Print out each entry without alteration, and keep the pictures out.
SOURCE DATA Block Start
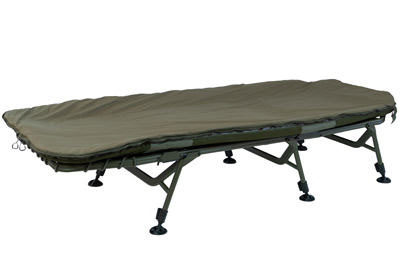 Bed Chair Solar Worldwide Sleep System STD 6 pieds 5 saisons - description 08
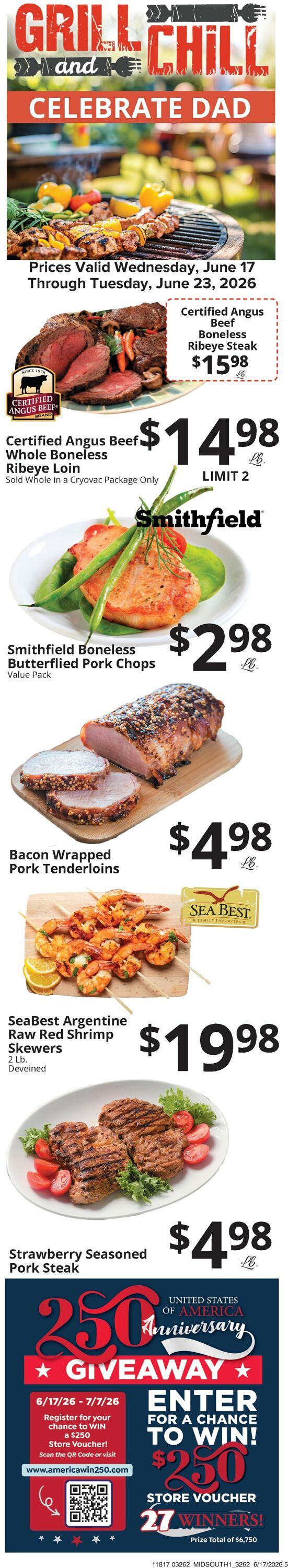 Catalogue Hays Supermarket from 06/17/2026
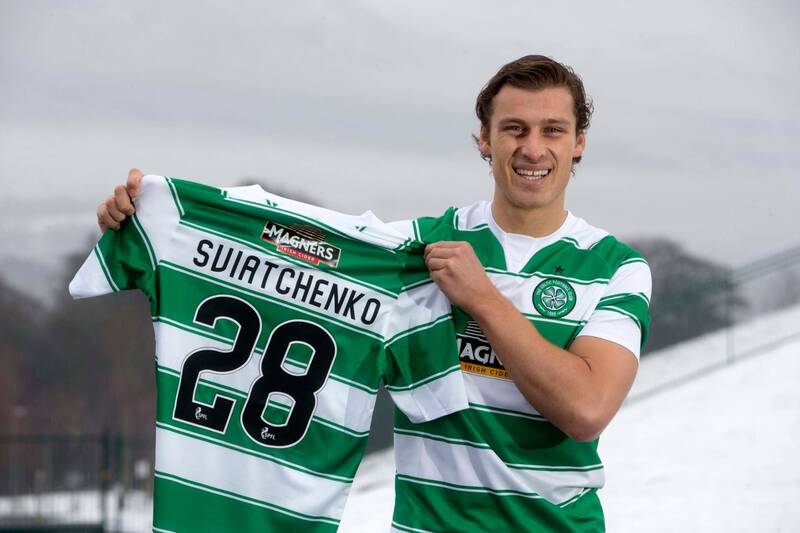 Erik Sviatchenko names the club model that Celtic should use as inspiration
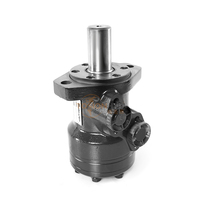 Tosion OMR BMR 500 Motor de órbita hidráulica 10NM Torque continuo RPM para Danfss Hecho en China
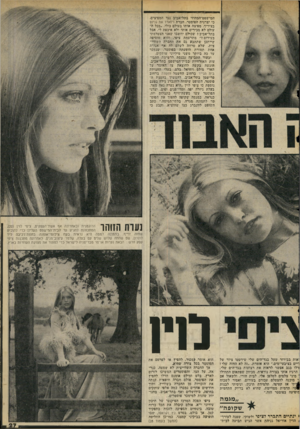 העולם הזה - גליון 2058 - 9 בפברואר 1977 - עמוד 27 | המישפט־המחוזי בתל־אביב נגד המפיצים, כי יצרנית הפוסטר, חברת ויזארד את גניוס בציריך, מפיצה אותו בעולם כולו .״בכל העולם לא מכירים אותי ולא איכפת לי, אבל בתל־אביב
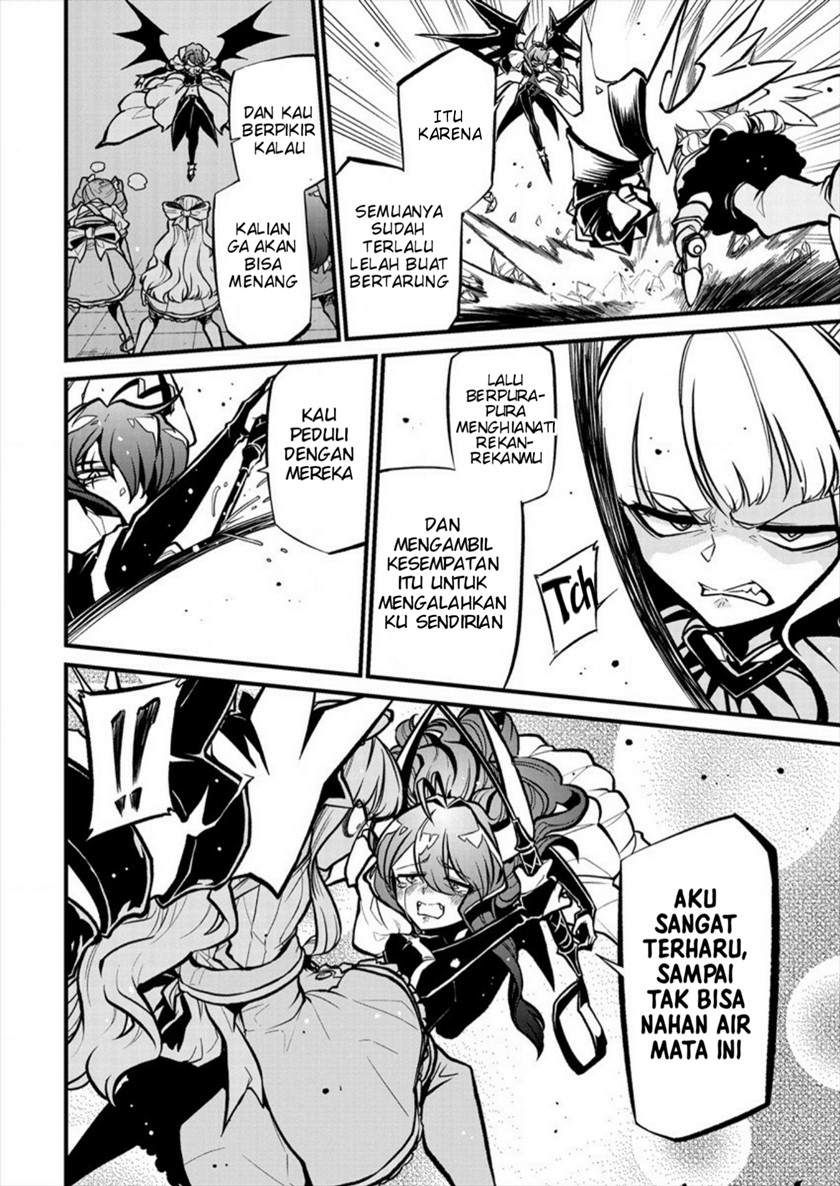 Mahou Shoujo ni Akogarete Chapter 30 Gambar 13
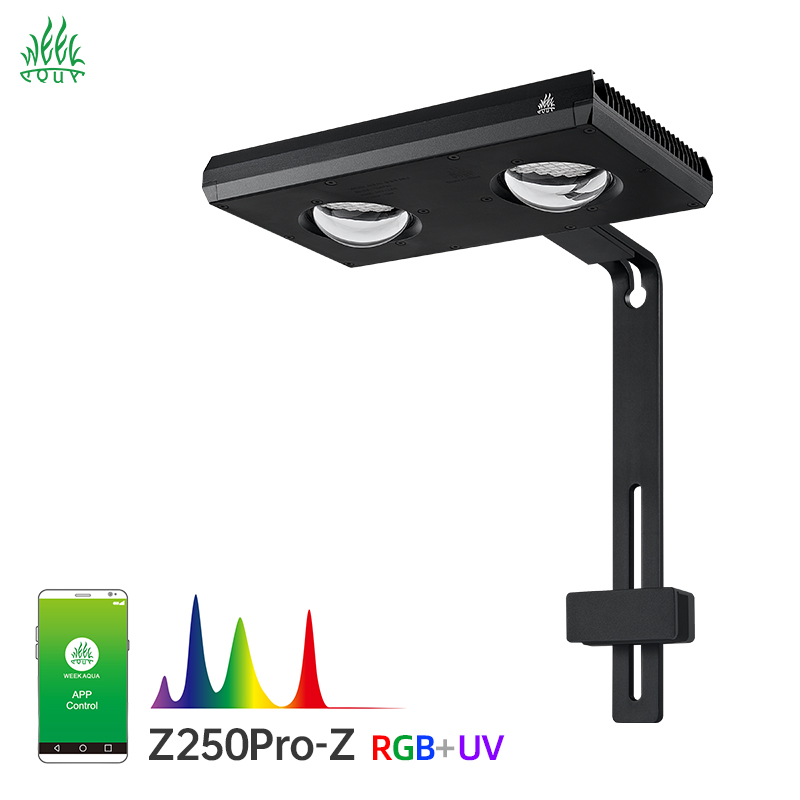Week Aqua Z250 Pro Full Spectr - Planted Aquarium Uv Light review and price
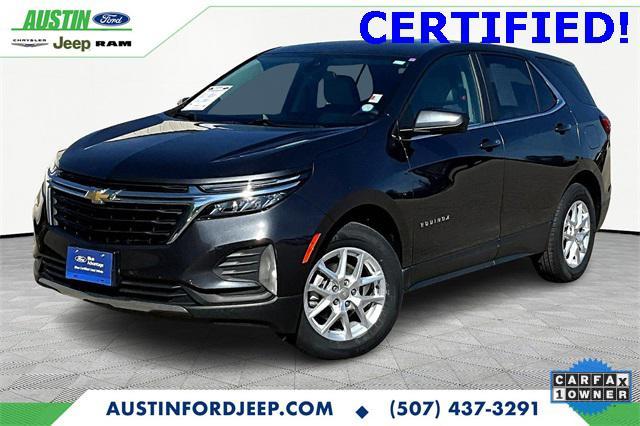 2022 Chevrolet Equinox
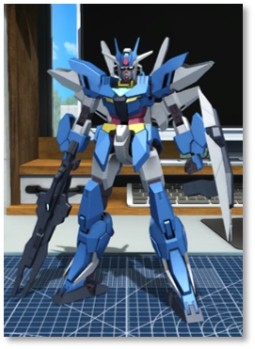 画像ギャラリー No.015のサムネイル画像 / 「ガンダムブレイカーモバイル」，Ver.1.1アップデートが実装。7日連続10連ガシャ無料キャンペーンが開催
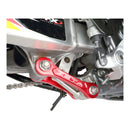 Zeta RSL Lowering Link (-20mm) - Honda CRF250L/M ('13-) - Red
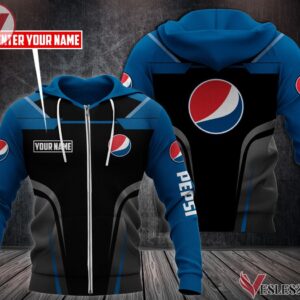 Personalized Pepsi Uniform Custom Clothes Style 6, Unique Gifts For Employee - Vesles2014s 1
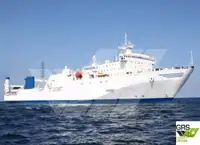 Ro-Ro ship Parduodama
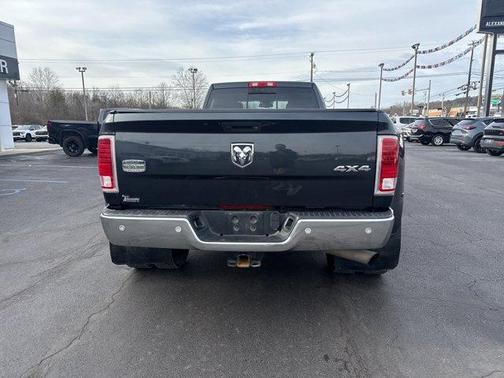 2016 RAM 3500 Longhorn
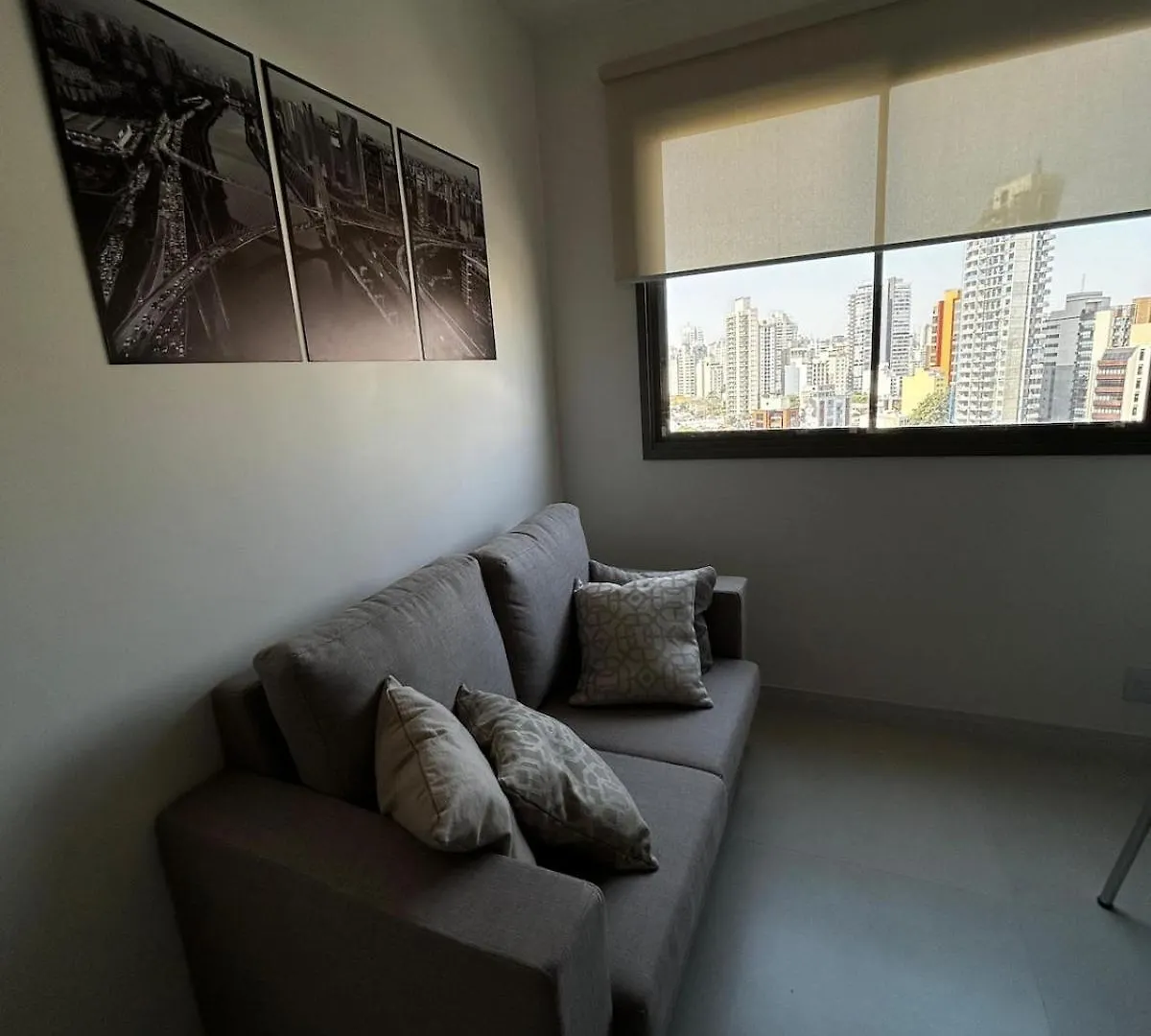 Fl1609 | Ape Faria Lima C/ Piscina Academia Metro Apartment Sao Paulo Brazil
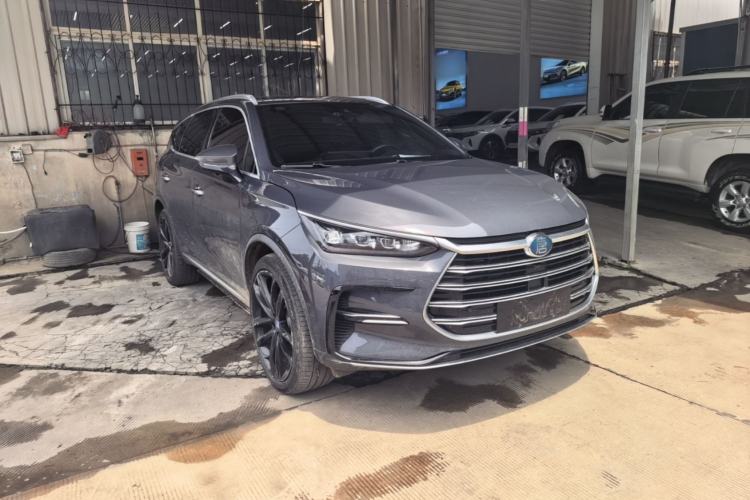 BYD Tang 2021 — 3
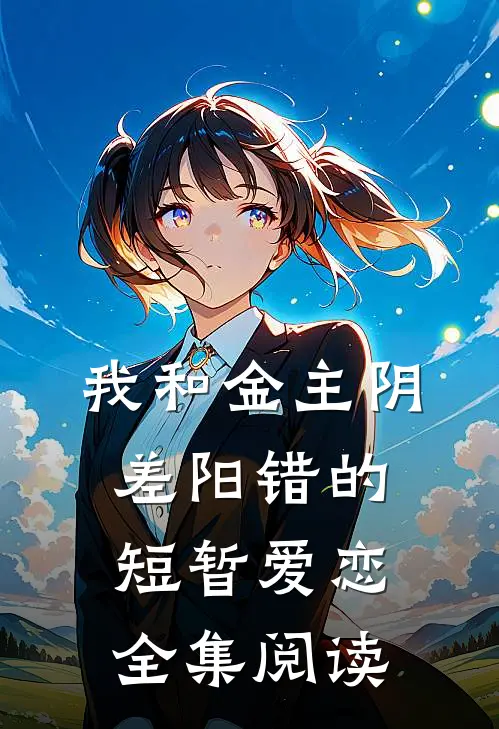 我和金主阴差阳错的短暂爱恋全集阅读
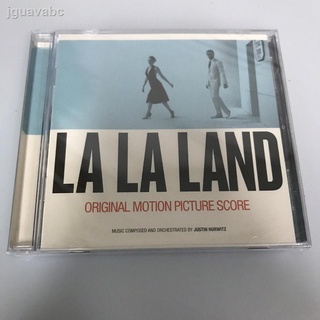 【Sealed】La La Land Soundtrack OST Movie Soundtrack CD Record 30 เพลง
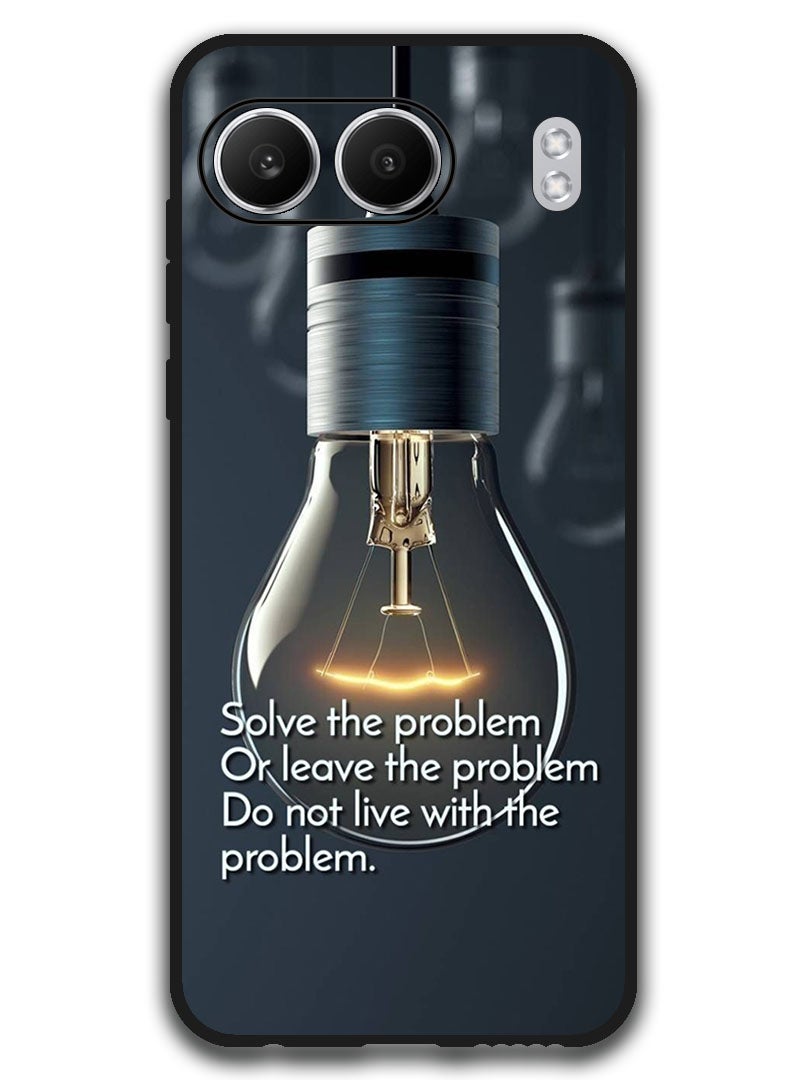 Theodor Protective Case Anti Scratch Shock Proof Bumper Cover For OnePlus Nord 4 Solve the Problem - Image 1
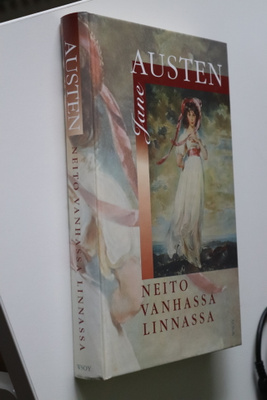 Jane Austen : Neito vanhassa linnassa ( 3.p. 2001 )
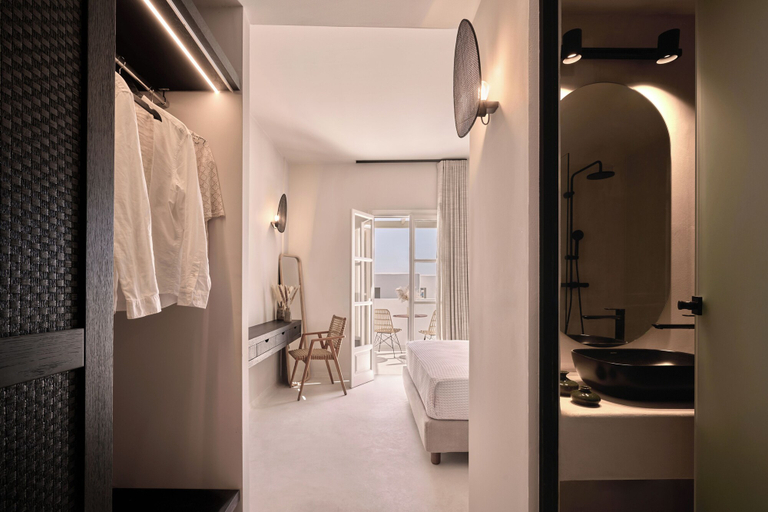 Bathroom 5, Utopia Hotel, South Aegean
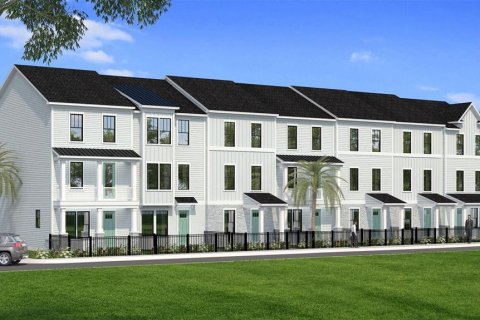 Townhouse in Winter Garden, Florida 3 bedrooms, 174.75 sq.m. № 2391030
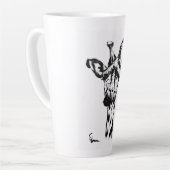 Tasse Latte Anonimal 2 (Angle gauche)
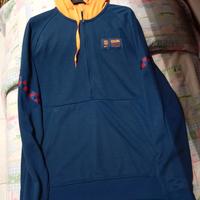 Felpa Barcellona Nike originale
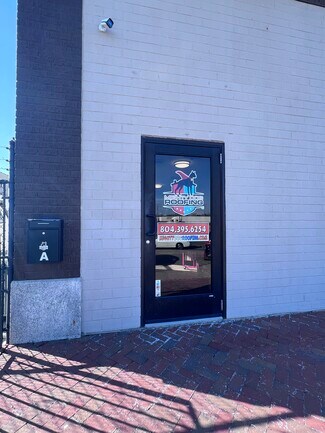 Plus de détails pour 2010 Chamberlayne Ave, Richmond, VA - Commerce de détail à louer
SOURCE DATA Block End
#### TASK ANSWER
 Bed Chair Solar Worldwide Sleep System STD 6 pieds 5 saisons - description 08
 Catalogue Hays Supermarket from 06/17/2026
 Erik Sviatchenko names the club model that Celtic should use as inspiration
 Tosion OMR BMR 500 Motor de órbita hidráulica 10NM Torque continuo RPM para Danfss Hecho en China
 העולם הזה - גליון 2058 - 9 בפברואר 1977 - עמוד 27 | המישפט־המחוזי בתל־אביב נגד המפיצים, כי יצרנית הפוסטר, חברת ויזארד את גניוס בציריך, מפיצה אותו בעולם כולו .״בכל העולם לא מכירים אותי ולא איכפת לי, אבל בתל־אביב
 Mahou Shoujo ni Akogarete Chapter 30 Gambar 13
Week Aqua Z250 Pro Full Spectr - Planted Aquarium Uv Light review and price
 2022 Chevrolet Equinox
 画像ギャラリー No.015のサムネイル画像 / 「ガンダムブレイカーモバイル」，Ver.1.1アップデートが実装。7日連続10連ガシャ無料キャンペーンが開催
 Zeta RSL Lowering Link (-20mm) - Honda CRF250L/M ('13-) - Red
 Personalized Pepsi Uniform Custom Clothes Style 6, Unique Gifts For Employee - Vesles2014s 1
 Ro-Ro ship Parduodama
 2016 RAM 3500 Longhorn
 Fl1609 | Ape Faria Lima C/ Piscina Academia Metro Apartment Sao Paulo Brazil
 BYD Tang 2021 — 3
 我和金主阴差阳错的短暂爱恋全集阅读
 【Sealed】La La Land Soundtrack OST Movie Soundtrack CD Record 30 เพลง
 Theodor Protective Case Anti Scratch Shock Proof Bumper Cover For OnePlus Nord 4 Solve the Problem - Image 1
 Jane Austen : Neito vanhassa linnassa ( 3.p. 2001 )
 Bathroom 5, Utopia Hotel, South Aegean
 Townhouse in Winter Garden, Florida 3 bedrooms, 174.75 sq.m. № 2391030
 Tasse Latte Anonimal 2 (Angle gauche)
 Felpa Barcellona Nike originale
 Plus de détails pour 2010 Chamberlayne Ave, Richmond, VA - Commerce de détail à louer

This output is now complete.